The autumn statement will deliver a “very generous” additional £1.5 billion for the Scottish Government, a UK Government minister has said.
John Glen, Chief Secretary to the Treasury, said Chancellor Jeremy Hunt’s decisions around health and education spending south of the border will deliver the sum to Scotland over two financial years.
Mr Glen also said he “very much” regrets decisions taken in the mini-budget in September by Liz Truss’s government.
Asked if there will be a real-terms cut in the Scottish Government’s budget, he said it partly depends on how inflationary pressures are measured.
Speaking to reporters on Thursday afternoon, Mr Glen said: “DA (devolved administration) funding has grown at around 7% in real terms this year.”
Mr Glen said he did not have specific figures on how the Scottish Government’s budget would be affected in real terms in future years.
The minister said he did not recognise claims that £1.7 billion had been wiped off the Scottish Government’s budget due to the mini-budget.
He said: “The £1.7 billion figure that is cited is, I think, the in-year inflationary pressures for this year, which is very different to what we see in the GDP deflator that we use.
“What I see is a very generous settlement of £1.5 billion which will amplify by a significant margin – probably well over 20% more than we see in England.
“How the Scottish Government distribute that and what they choose to do with welfare versus the NHS will be decisions that they can make.”
Mr Glen was asked if the UK Government should apologise for the economic turmoil caused by the mini-budget.
He said current Prime Minister Rishi Sunak has been very clear that mistakes had been made by the previous administration.
Pressed on whether he would apologise, he added: “I regret very much what was done.
“I’ve used the language I want to use and that’s that.
“I’m determined to do everything I can to put things in the best possible place.”

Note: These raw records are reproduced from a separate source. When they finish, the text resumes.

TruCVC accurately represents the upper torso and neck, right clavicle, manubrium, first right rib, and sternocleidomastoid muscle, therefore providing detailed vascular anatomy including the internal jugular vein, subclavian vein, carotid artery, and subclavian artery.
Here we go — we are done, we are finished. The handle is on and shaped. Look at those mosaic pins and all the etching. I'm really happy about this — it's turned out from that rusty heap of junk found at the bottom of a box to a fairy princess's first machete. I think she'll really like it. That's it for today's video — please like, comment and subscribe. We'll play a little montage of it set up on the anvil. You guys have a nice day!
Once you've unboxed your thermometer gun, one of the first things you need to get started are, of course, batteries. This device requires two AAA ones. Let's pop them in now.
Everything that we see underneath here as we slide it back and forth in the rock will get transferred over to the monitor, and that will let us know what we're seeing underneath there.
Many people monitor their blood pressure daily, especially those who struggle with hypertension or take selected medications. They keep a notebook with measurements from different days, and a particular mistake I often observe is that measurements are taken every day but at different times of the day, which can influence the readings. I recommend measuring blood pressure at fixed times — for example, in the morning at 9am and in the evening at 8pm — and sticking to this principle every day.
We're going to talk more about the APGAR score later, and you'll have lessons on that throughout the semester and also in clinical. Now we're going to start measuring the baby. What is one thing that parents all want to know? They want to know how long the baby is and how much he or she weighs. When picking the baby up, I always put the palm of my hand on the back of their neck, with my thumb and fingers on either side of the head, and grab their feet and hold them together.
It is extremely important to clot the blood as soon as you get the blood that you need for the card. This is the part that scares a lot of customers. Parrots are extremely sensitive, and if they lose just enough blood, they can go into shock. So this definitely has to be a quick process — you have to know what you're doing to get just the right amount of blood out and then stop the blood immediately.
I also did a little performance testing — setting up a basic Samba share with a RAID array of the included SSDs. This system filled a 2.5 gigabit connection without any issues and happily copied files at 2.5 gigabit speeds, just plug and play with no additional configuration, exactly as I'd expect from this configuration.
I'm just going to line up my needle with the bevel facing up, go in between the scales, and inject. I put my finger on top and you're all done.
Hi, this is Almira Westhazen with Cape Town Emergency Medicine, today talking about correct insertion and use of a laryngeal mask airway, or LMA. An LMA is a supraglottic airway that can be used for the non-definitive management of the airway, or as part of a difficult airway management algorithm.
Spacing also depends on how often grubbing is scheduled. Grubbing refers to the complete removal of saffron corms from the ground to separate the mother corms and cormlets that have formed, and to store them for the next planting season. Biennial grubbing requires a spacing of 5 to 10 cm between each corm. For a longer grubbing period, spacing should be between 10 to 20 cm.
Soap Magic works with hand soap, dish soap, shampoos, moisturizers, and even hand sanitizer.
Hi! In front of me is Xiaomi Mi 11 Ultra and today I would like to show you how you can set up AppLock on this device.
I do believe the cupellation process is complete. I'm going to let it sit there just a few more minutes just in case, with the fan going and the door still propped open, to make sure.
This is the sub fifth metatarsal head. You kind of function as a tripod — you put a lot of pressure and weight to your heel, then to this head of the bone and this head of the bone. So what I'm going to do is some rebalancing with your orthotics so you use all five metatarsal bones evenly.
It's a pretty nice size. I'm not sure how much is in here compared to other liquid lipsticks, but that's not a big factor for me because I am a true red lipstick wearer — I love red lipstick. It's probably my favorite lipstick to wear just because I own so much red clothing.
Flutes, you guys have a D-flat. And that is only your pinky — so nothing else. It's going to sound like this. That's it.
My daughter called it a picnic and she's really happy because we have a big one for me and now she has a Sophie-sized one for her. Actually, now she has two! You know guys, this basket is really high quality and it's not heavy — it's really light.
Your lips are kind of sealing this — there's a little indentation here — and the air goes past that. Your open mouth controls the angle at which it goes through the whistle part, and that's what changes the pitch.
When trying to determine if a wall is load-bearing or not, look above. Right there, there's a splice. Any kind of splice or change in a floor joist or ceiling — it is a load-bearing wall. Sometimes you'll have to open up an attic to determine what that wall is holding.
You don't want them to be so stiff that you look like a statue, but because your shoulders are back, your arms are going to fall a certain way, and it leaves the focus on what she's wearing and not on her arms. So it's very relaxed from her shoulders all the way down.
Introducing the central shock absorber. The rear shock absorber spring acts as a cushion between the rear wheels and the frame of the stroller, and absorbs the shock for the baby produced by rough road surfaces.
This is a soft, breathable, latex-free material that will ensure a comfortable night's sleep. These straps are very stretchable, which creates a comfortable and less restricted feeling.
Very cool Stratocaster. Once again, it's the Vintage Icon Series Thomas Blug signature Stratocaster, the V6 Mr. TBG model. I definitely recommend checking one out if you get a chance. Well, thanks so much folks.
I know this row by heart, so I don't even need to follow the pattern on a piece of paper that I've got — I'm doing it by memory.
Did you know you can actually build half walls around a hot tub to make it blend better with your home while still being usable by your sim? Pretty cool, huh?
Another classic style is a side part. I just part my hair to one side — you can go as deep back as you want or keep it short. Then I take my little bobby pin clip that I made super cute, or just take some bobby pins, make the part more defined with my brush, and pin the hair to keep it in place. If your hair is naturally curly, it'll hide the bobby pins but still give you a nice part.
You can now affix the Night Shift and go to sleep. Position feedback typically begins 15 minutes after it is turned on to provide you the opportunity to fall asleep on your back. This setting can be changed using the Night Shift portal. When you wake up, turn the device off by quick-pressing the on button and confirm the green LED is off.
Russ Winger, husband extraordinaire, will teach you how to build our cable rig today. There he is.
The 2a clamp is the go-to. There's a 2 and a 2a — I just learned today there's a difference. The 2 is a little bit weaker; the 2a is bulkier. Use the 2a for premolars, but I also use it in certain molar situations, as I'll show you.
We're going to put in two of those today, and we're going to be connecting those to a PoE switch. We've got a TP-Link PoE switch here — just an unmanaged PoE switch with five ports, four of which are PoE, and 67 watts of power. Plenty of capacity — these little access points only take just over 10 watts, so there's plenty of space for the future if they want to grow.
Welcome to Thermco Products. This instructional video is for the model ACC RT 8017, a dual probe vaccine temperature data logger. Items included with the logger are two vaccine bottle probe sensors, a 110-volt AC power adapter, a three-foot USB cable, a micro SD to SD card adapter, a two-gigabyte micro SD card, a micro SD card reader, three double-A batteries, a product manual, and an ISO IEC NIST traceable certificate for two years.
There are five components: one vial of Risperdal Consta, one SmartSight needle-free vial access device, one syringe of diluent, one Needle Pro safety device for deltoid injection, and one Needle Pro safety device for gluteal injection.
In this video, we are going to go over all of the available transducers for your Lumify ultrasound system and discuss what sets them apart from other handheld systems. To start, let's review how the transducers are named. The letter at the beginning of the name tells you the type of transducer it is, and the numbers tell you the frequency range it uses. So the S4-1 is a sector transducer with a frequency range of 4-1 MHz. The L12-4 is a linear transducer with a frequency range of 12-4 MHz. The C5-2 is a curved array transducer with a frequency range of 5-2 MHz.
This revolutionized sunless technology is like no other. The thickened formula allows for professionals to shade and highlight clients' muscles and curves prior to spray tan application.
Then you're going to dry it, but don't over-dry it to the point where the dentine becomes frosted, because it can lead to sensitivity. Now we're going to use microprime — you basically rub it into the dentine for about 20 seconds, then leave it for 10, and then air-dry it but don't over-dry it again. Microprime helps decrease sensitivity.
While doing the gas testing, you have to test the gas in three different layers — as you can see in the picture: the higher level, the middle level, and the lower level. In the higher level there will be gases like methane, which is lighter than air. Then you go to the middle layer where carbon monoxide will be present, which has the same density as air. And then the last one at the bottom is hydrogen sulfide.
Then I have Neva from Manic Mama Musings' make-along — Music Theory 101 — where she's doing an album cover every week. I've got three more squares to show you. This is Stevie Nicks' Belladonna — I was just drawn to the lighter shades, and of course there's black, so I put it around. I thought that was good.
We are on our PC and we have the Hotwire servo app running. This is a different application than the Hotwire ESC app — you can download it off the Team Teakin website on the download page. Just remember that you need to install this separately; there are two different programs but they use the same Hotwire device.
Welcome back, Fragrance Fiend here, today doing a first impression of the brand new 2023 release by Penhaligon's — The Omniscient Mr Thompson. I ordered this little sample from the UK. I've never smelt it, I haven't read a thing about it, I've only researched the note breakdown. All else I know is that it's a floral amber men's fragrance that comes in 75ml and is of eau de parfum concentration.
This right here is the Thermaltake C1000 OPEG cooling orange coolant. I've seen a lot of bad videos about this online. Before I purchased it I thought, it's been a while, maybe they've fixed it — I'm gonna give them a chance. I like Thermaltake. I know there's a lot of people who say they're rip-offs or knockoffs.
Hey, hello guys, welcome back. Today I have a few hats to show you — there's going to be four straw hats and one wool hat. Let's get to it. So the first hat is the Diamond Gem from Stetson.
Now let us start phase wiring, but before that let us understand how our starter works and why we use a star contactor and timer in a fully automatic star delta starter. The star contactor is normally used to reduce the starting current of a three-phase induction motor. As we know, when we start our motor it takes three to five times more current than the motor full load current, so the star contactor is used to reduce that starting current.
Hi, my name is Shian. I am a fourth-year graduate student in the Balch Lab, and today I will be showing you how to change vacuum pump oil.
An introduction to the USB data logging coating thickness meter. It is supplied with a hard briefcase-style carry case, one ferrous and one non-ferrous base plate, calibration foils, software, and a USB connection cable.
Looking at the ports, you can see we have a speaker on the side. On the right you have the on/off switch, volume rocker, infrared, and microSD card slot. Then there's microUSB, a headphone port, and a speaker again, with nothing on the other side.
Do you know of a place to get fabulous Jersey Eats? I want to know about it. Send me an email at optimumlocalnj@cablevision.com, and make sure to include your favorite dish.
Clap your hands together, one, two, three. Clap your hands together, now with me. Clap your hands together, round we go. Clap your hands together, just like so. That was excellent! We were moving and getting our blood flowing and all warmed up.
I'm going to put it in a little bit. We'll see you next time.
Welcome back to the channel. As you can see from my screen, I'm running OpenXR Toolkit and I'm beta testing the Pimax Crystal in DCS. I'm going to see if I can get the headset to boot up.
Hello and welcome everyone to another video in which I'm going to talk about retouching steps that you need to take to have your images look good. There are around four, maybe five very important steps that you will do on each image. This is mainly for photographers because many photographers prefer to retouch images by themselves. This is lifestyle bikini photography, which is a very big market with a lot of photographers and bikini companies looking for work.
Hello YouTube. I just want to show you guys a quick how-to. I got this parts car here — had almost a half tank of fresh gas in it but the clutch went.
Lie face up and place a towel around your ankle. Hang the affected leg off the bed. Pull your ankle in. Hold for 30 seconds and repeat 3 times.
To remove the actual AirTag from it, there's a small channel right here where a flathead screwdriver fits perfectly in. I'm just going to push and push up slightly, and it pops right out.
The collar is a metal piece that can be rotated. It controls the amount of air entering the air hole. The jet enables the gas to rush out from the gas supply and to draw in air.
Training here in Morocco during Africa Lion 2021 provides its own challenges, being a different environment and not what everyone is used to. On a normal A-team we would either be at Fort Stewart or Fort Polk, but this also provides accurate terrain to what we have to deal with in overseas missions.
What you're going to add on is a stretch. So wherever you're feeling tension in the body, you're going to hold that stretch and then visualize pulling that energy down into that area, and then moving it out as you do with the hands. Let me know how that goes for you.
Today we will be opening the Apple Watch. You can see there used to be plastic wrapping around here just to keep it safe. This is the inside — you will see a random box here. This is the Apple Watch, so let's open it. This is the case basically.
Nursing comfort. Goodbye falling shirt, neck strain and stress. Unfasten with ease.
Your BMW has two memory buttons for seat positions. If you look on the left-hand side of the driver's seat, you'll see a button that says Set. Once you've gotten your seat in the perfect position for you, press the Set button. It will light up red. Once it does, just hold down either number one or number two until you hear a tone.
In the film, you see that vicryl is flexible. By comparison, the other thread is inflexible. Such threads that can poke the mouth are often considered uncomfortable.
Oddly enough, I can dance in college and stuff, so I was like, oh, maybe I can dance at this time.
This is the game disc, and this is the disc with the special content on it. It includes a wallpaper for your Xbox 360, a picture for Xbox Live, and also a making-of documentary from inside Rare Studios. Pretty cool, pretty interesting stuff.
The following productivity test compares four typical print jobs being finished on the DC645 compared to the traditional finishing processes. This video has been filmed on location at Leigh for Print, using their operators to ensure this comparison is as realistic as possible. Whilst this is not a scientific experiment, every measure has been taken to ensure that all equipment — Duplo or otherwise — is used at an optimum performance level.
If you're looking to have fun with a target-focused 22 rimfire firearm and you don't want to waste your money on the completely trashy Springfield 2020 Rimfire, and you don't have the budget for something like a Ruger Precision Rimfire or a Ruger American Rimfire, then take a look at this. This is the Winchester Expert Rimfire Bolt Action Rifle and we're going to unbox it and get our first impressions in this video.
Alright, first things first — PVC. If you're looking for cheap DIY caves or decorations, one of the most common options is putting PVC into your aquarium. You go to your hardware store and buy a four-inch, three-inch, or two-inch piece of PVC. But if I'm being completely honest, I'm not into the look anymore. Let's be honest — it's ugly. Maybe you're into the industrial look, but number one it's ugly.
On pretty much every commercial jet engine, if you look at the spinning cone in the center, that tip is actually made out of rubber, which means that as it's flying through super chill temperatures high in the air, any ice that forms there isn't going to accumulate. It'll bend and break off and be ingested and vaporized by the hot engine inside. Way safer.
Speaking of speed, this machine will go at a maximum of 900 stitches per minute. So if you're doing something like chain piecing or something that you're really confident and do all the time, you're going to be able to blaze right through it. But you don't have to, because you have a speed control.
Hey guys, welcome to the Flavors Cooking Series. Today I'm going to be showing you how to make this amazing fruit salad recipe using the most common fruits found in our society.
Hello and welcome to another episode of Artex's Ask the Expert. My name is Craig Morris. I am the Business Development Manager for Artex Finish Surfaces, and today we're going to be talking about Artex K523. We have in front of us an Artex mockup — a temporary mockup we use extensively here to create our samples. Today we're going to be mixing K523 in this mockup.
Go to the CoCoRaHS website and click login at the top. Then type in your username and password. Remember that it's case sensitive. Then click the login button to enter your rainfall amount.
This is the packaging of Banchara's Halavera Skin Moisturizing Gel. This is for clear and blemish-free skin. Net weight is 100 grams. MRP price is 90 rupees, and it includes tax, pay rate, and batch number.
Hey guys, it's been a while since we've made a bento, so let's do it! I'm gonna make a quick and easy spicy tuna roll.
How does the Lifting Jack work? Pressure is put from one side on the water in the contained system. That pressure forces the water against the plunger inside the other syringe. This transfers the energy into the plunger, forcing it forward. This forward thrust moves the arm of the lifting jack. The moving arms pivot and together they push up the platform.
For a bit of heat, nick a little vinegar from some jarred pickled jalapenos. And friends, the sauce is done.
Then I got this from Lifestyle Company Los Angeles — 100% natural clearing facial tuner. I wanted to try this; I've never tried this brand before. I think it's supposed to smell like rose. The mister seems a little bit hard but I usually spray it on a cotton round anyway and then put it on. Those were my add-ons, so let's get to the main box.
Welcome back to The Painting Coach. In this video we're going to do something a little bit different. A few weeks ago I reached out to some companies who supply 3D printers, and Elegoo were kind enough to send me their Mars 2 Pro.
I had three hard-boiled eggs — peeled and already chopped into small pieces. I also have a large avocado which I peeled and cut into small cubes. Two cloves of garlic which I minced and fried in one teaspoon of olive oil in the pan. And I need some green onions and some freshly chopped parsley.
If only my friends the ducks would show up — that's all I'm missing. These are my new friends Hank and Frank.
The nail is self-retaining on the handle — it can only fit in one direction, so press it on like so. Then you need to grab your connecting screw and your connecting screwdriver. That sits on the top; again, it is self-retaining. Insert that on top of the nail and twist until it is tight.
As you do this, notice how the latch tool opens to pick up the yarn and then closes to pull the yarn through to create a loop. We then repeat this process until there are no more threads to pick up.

He said the autumn statement will deliver stability and growth while protecting public services.
Deputy First Minister John Swinney later responded to the autumn statement on behalf of the Scottish Government.
He said: “Today’s statement shows that households across Scotland are paying a steep price for the economic mismanagement of the UK Government, with average household disposable incomes forecast to fall by 7% in real terms according to the Office for Budget Responsibility.
“This would erode just under 10 years of growth in living standards, taking them back to levels not seen since 2013-14, meaning they would not recover to pre-pandemic levels until after 2027-28 – a devastating indictment of the UK Government’s management of the economy.
“Inflation is eating away at the Scottish budget, and due to the lack of additional funding in 2022-23 and the financial restrictions of devolution, we have had no choice but to make savings of more than £1 billion.”
He said he welcomed the Chancellor’s decision to increase benefits in line with inflation and maintain the pensions triple lock.
Mr Swinney said he would take time to consider the implications of the autumn statement, adding: “This leaves me with the difficult task of setting Scotland’s Budget for 2023-24 with no hope of financial flexibility to make a real difference in the lives of those who need it most.”